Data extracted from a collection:
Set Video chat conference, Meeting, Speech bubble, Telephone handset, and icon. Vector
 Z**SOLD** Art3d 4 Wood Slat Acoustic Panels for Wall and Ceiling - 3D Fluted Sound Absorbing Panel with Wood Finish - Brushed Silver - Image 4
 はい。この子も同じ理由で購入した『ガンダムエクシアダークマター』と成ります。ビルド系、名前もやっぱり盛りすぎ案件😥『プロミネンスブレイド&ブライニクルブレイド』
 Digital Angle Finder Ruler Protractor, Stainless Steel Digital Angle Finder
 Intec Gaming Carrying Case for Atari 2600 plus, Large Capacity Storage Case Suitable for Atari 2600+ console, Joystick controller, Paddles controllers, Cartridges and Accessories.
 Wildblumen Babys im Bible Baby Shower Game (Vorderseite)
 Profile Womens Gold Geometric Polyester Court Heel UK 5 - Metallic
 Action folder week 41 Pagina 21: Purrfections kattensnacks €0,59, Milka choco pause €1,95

| What is expected |
The records need to be copied exactly, with no line left out.

| Exercise answer |
Set Video chat conference, Meeting, Speech bubble, Telephone handset, and icon. Vector
 Z**SOLD** Art3d 4 Wood Slat Acoustic Panels for Wall and Ceiling - 3D Fluted Sound Absorbing Panel with Wood Finish - Brushed Silver - Image 4
 はい。この子も同じ理由で購入した『ガンダムエクシアダークマター』と成ります。ビルド系、名前もやっぱり盛りすぎ案件😥『プロミネンスブレイド&ブライニクルブレイド』
 Digital Angle Finder Ruler Protractor, Stainless Steel Digital Angle Finder
 Intec Gaming Carrying Case for Atari 2600 plus, Large Capacity Storage Case Suitable for Atari 2600+ console, Joystick controller, Paddles controllers, Cartridges and Accessories.
 Wildblumen Babys im Bible Baby Shower Game (Vorderseite)
 Profile Womens Gold Geometric Polyester Court Heel UK 5 - Metallic
 Action folder week 41 Pagina 21: Purrfections kattensnacks €0,59, Milka choco pause €1,95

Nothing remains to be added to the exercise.